The men are among four police officers working on the Delhi Police’s 24×7 noise pollution helpline number, 155271, which was inaugurated on April 6. A few months on, the helpline is still catching up, said Shanker Choudhury, additional DCP, Police Control Room (PCR). The helpline had been set up in compliance with the National Green Tribunal’s orders.
A lack of awareness about the helpline appears to be the most obvious reason. While the noise pollution helpline receives three-four calls a day, the ‘100’ number receives 50-60 calls regarding noise pollution. Complaints on both numbers are dealt with in the same way. “The (noise pollution helpline) number is long and difficult to remember. Plus there is a lack of awareness about it,” said a senior officer.
Choudhury said the helpline is “maintained by the PCR and Delhi Police proactively monitors calls, following which officers concerned take all necessary steps”.
The calls are received by officers who work on the third floor of the Delhi Police headquarters. Chander, who previously worked in the anti-stalking cell, said, “There are more calls received at night than during the day. Most of these calls are about DJs playing loud music at parties.”
Calls come from across the city, he said. “The complaints made the previous night were in connection with loud music from a temple in Uttam Nagar and residential areas in Model Town, Shastri Nagar and Krishna Nagar.”
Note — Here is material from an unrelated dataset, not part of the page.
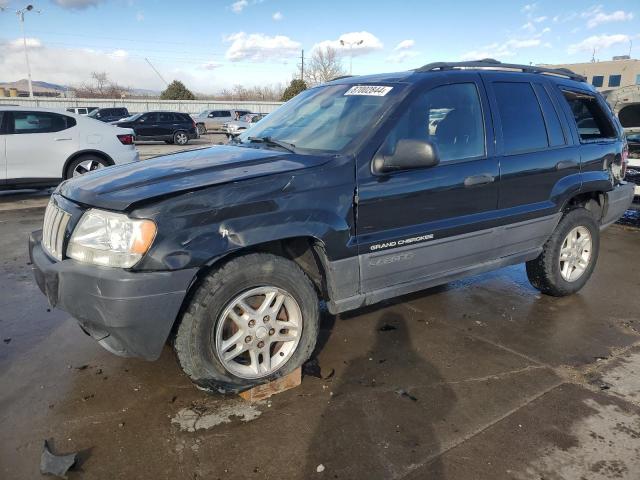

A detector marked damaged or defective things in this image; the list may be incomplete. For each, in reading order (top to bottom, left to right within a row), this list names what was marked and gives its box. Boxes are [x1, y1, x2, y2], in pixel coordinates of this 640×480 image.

Four officers work six-hour shifts — one each in morning and evening and two at night. The desk assigned to them comprises two telephones and a register, meant to keep a record of complaints, which range from noise from fireworks to construction equipment in residential areas.
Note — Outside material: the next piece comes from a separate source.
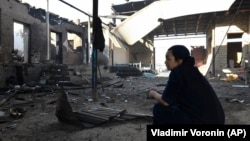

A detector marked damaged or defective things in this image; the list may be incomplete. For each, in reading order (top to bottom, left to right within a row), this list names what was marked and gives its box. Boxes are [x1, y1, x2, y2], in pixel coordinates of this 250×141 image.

“The number of calls are increasing as people get more and more aware of this initiative,” said an officer. After receiving a call, officers on the tenth floor of the police headquarters are alerted. They contact the police station concerned, which then sends officers to the spot along with the closest PCR officers. If the complaint includes traffic violations, traffic police is also alerted. The violators are asked to lower the volume and a challan, ranging from Rs 5,000 to Rs 10,000, is handed to them.